Data excerpts
-----

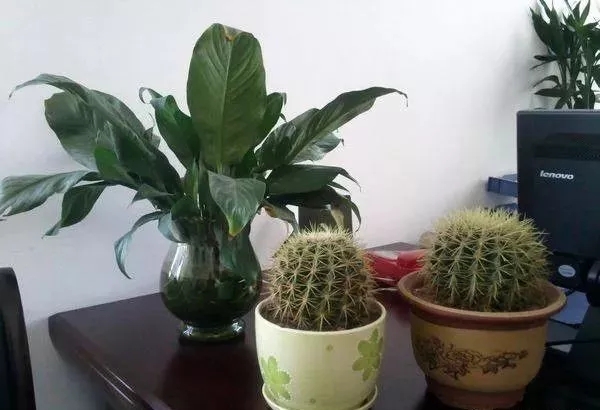 办公室植物摆放风水禁忌（二）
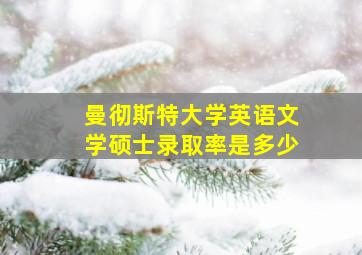 曼彻斯特大学英语文学硕士录取率是多少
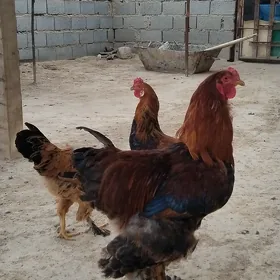Horaz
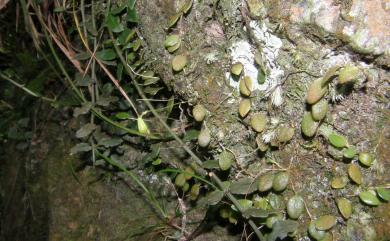 Bulbophyllum drymoglossum Maxim. 狹萼豆蘭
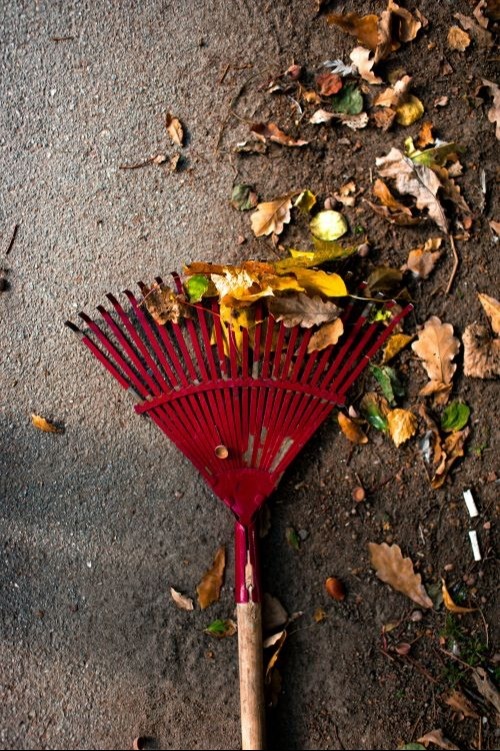 Fall Home Maintenance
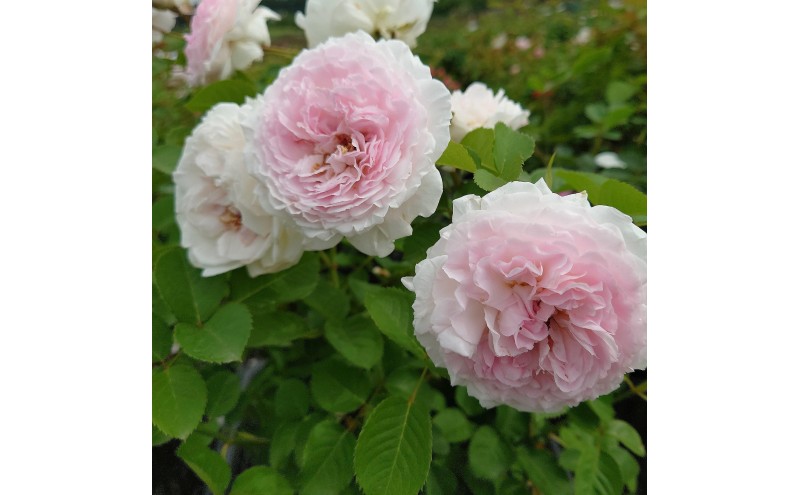 【Apple Roses】バラ苗 『いのり』 大苗6号ポット植え[52211051]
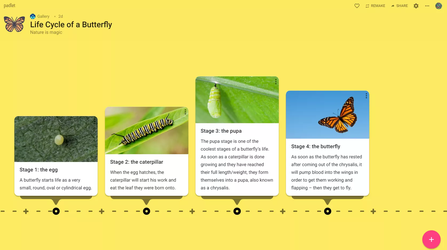 Timeline layout example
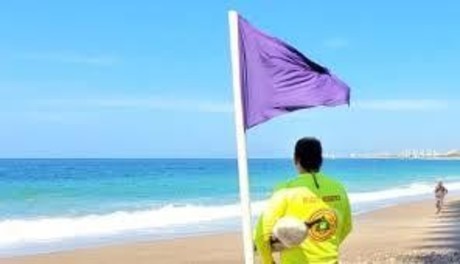 Si ves la bandera morada en la playa, aléjate lo más pronto posible del mar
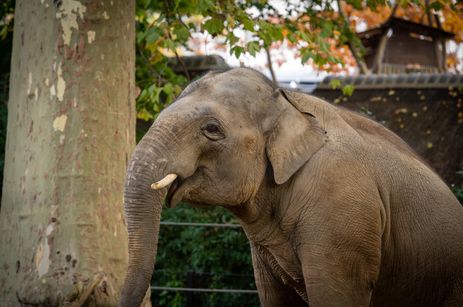 Les éléphants du zoo d'Anvers 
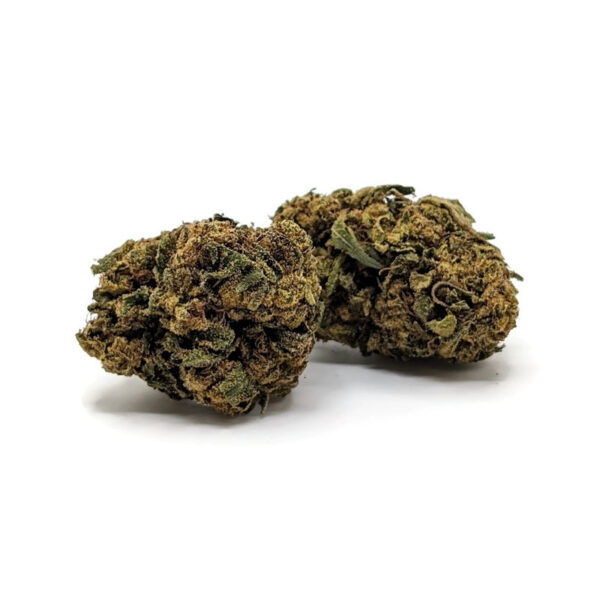 Buy Tropicanna Strain Online in Canada | Bare Cannabis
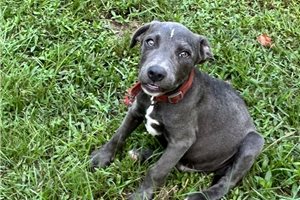 Grayson - American Pit Bull Terrier for sale
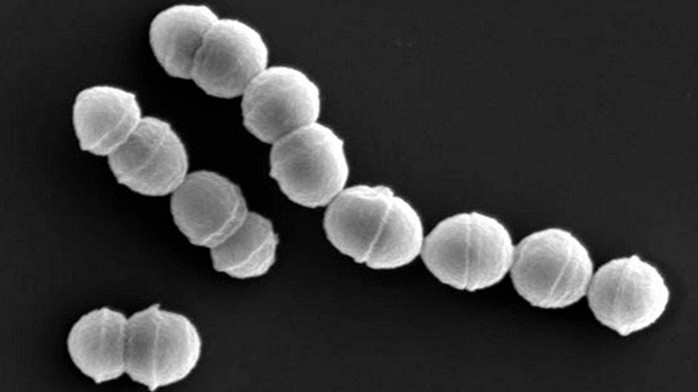 Vi khuẩn ăn thịt người tấn công Nhật Bản - Ảnh 1.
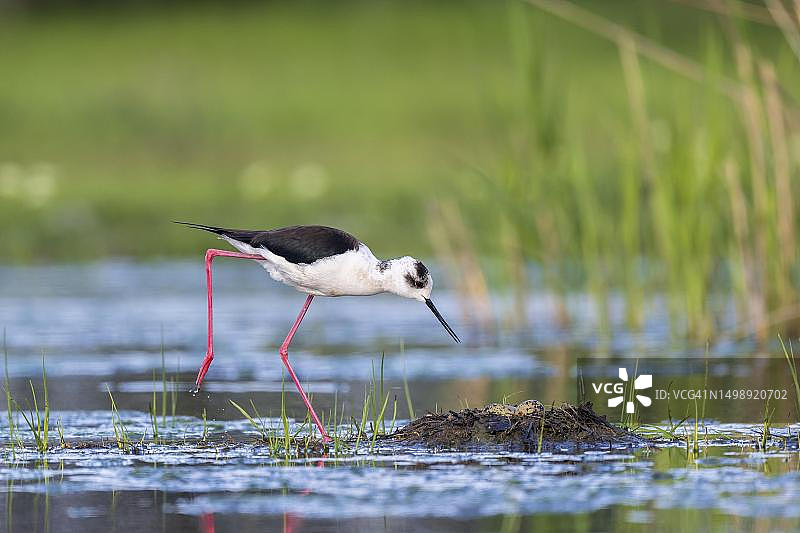黑翅长脚鹬在奥地利布尔根兰州新锡德尔湖-Seewinkel国家公园水域的巢穴图片素材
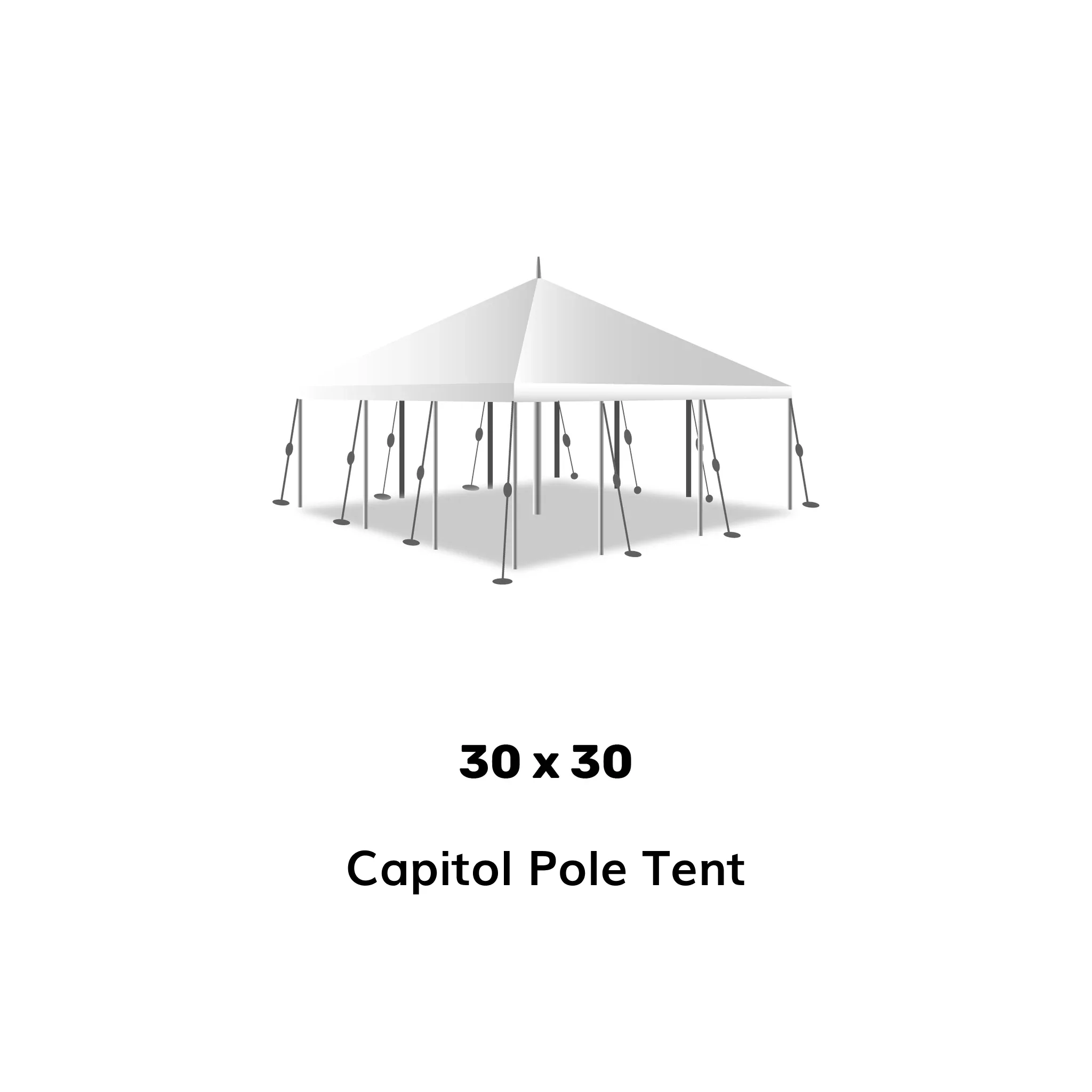 30 by 30 tent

-----

● **EXERCISE DESCRIPTION**
Exactly the lines from the one that contains "Vi khuẩn ăn" to the last line of the data, both included, should be set down, and no pictures should appear among them.

● **EXERCISE ANSWER**
 Vi khuẩn ăn thịt người tấn công Nhật Bản - Ảnh 1.
黑翅长脚鹬在奥地利布尔根兰州新锡德尔湖-Seewinkel国家公园水域的巢穴图片素材
 30 by 30 tent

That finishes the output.